Coal industry experts and safety advocates say that putting Blankenship on trial — and perhaps convicting him — is a long-overdue step toward creating that kind of fear among those who run Appalachia’s coal industry.
“Of course, one indictment will change nothing unless criminal charges are regularly brought against corporate managers every time evidence exists that they have placed miners lives at serious risk or miners are killed or maimed,” said Pat McGinley, a West Virginia University law professor who served on McAteer’s independent investigation team. “Whether Don Blankenship is convicted or acquitted, if mine managers know that if they put profits and production above safety they will face indictment and jail time, a new day will dawn in the Appalachian coalfields because miner deaths and injuries will surely decline.”
To get this far, prosecutors have had to move slowly and methodically to gather evidence and amass a list of witnesses who are expected to testify against Blankenship.
So far, four men have gone to jail in Upper Big Branch-related cases: A low-level miner who faked safety examinations; a security chief who tried to destroy evidence and obstruct the probe; one of Upper Big Branch’s mine superintendents; and a longtime Massey mine manager. Investigators have examined millions of pages of documents, and court records indicate they’ve given immunity to nearly two dozen individuals in exchange for testimony against Blankenship.
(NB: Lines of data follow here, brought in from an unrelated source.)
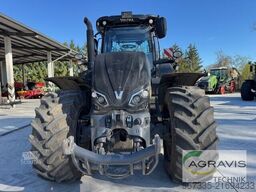 Valtra S 394 1A6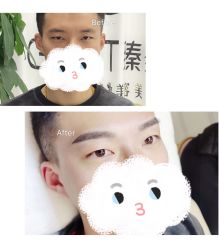 点击看大图 -MOE BEAUTY.皮肤管理中心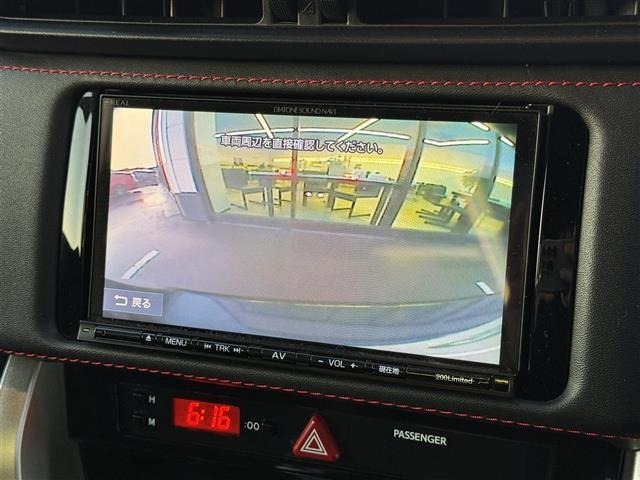 Subaru SUBARU 2018 7916931-16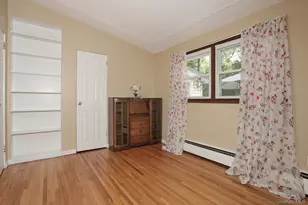 16 Heather Ln, West Nyack, NY 10994 - Photo 24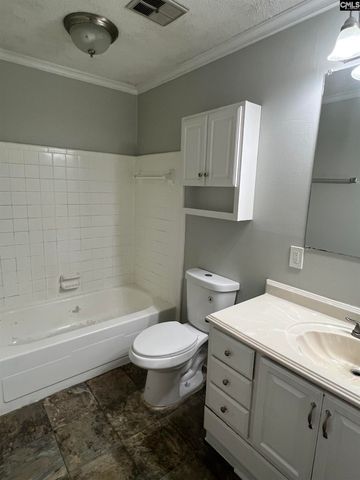9 Highgate Circle, Columbia, SC 29223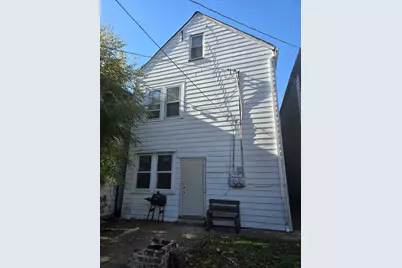 2243 S Kostner Avenue, Chicago, IL 60623 - Photo 20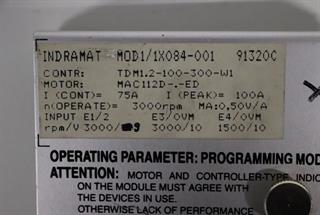 indramat-mod11x084-001-programmier-modul-913200-top-zustand-55175-1.jpg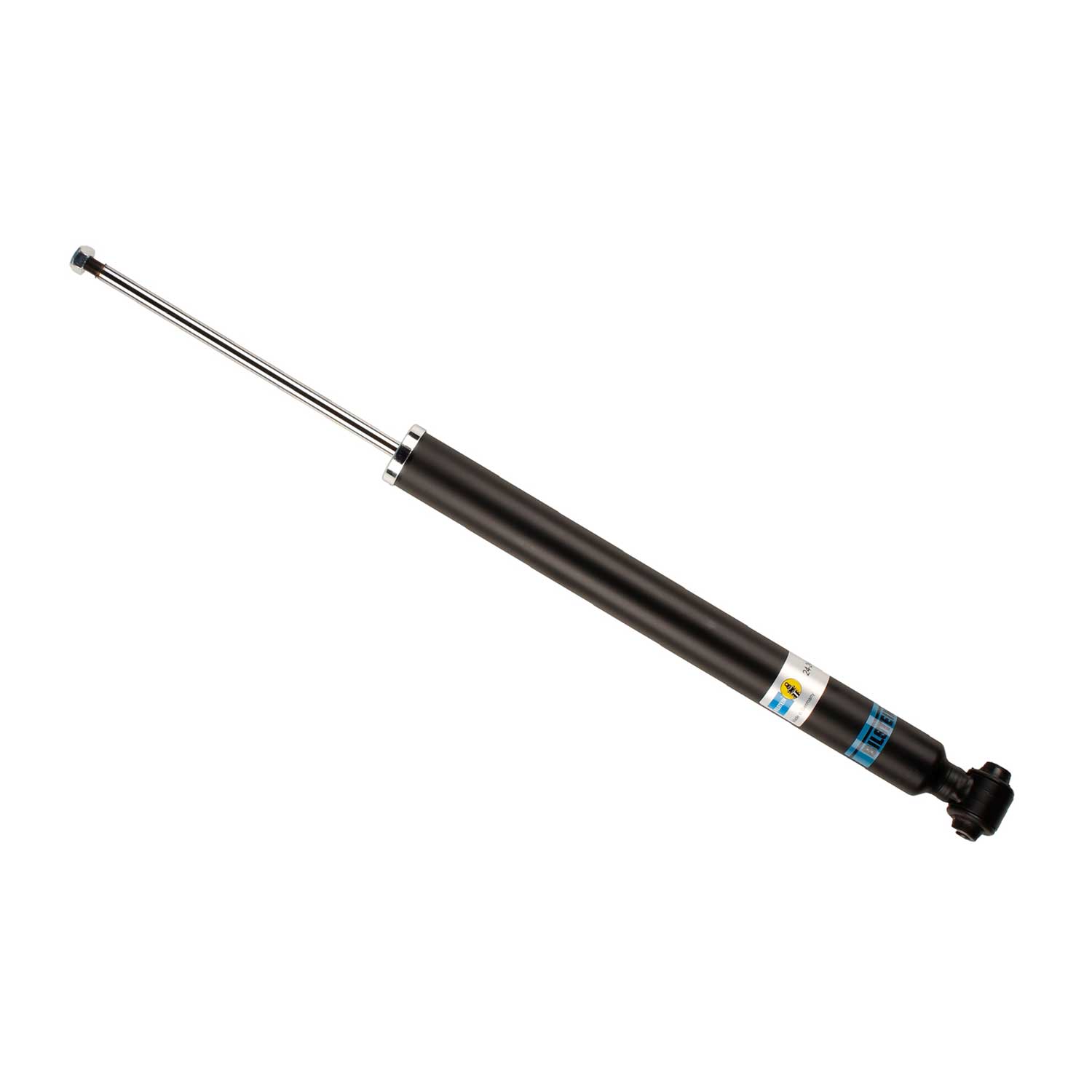 Lengéscsillapító Bilstein B4 hátul 24-244237 Mercedes-Benz GLA számára
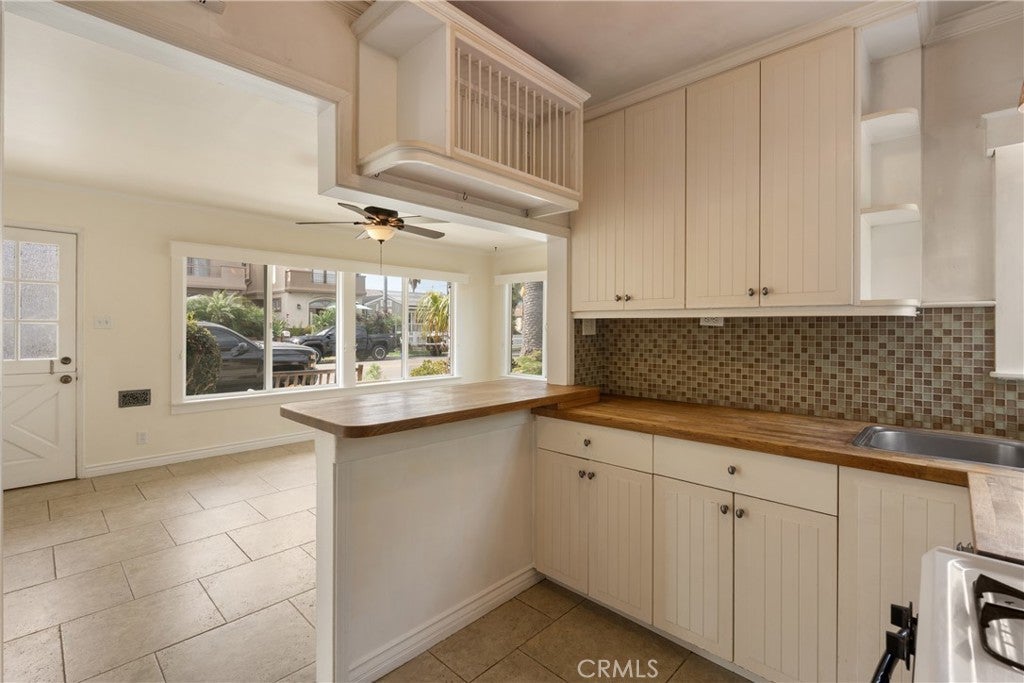 320 2nd Street, Huntington Beach CA 92648 - Photo 14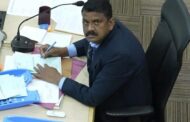 'சண்டிகர் தேர்தல் அதிகாரி குற்றவாளி'  வழக்குப் பதிவு செய்ய உத்தரவு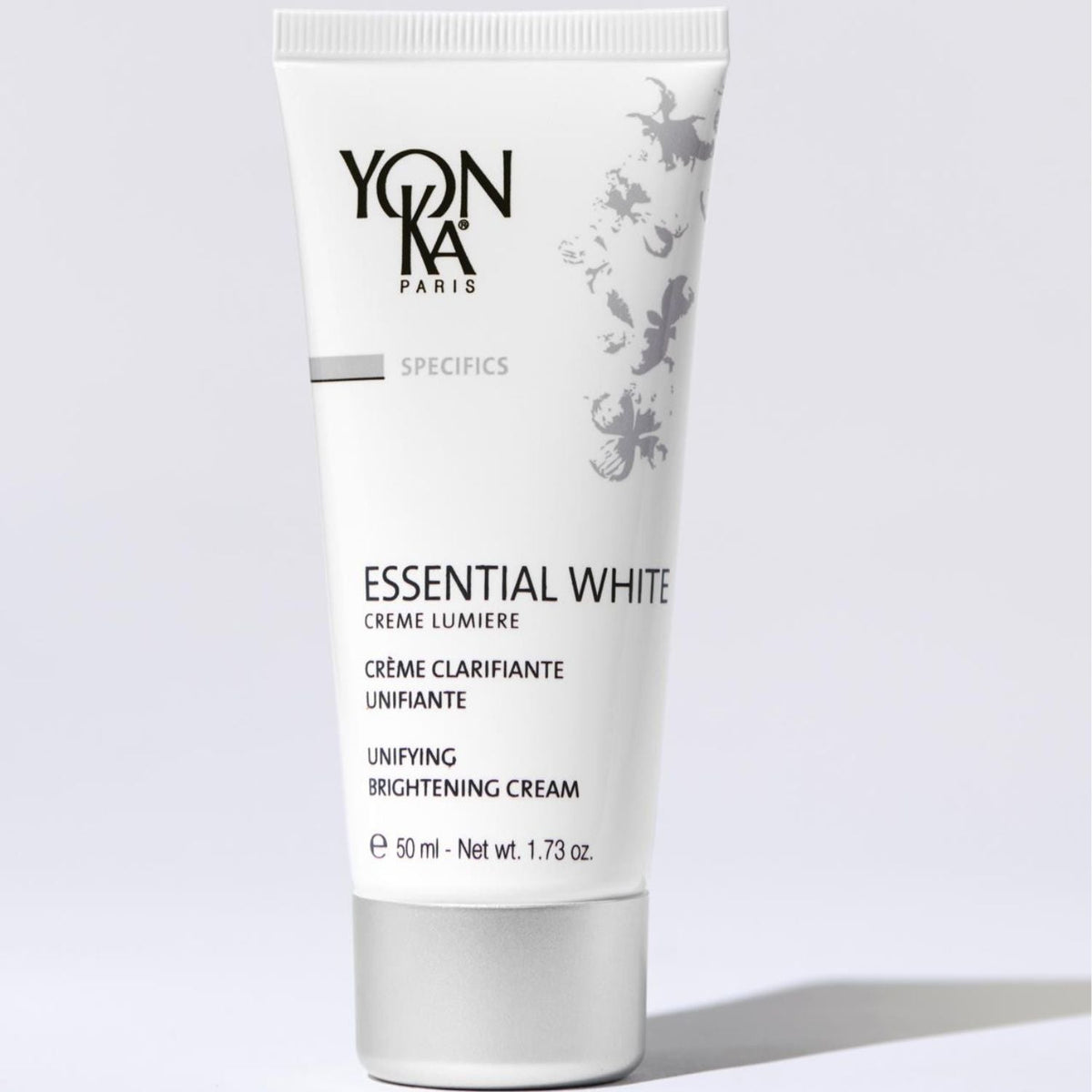 YonKa Paris Yonka Paris | Creme Lumiere 50ml - SkinShop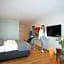Hotel Am Brinkerplatz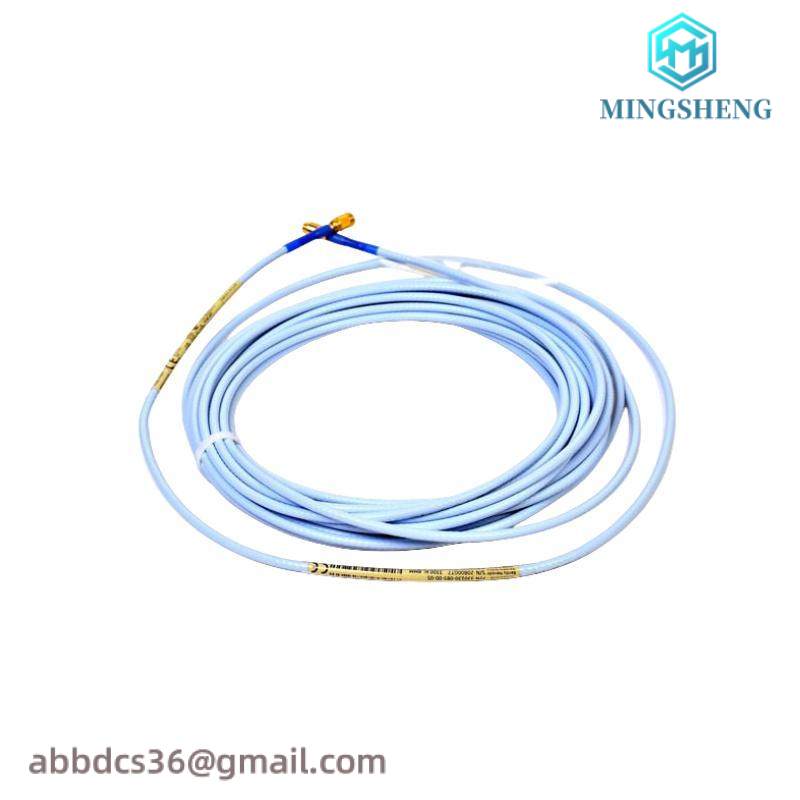 epicii_alstom_v4550220-en_2.jpg ALSTOM EPICII V4550220-EN Digital Input Module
Blankenship has pleaded not guilty, and has repeatedly said the Upper Big Branch explosion was a natural disaster, and that he worked hard to improve Massey’s safety performance. His defense has provided a glimpse of why high-level executives are so rarely prosecuted. His lawyers have filed dozens of pre-trial motions to have the case thrown out, get key evidence ruled inadmissible, or have every single judge in West Virginia disqualified from presiding. The lawyers have so far lost those motions, but court records in a separate case — where Blankenship sought to force Alpha to pay his legal bills — showed the defense had cost $5.8 million through April 1.
His tenure with the company was marked by bitter disputes with the United Mine Workers union, a series of workplace and environmental disasters, and controversial political involvement — he spent millions of dollars to unseat a pro-labor West Virginia Supreme Court justice — that increasingly drew negative national attention for Massey. He retired less than a year after the Upper Big Branch Mine Disaster, as Massey was working out the details of Alpha’s buyout.
If convicted of all three charges, Blankenship, who turned 65 in March, faces a statutory maximum of 30 years in prison.
"We are tired of waiting for justice, but we firmly believe that it will eventually come," said Dr. Judy Jones Peterson, whose brother, Dean Jones, died in the explosion.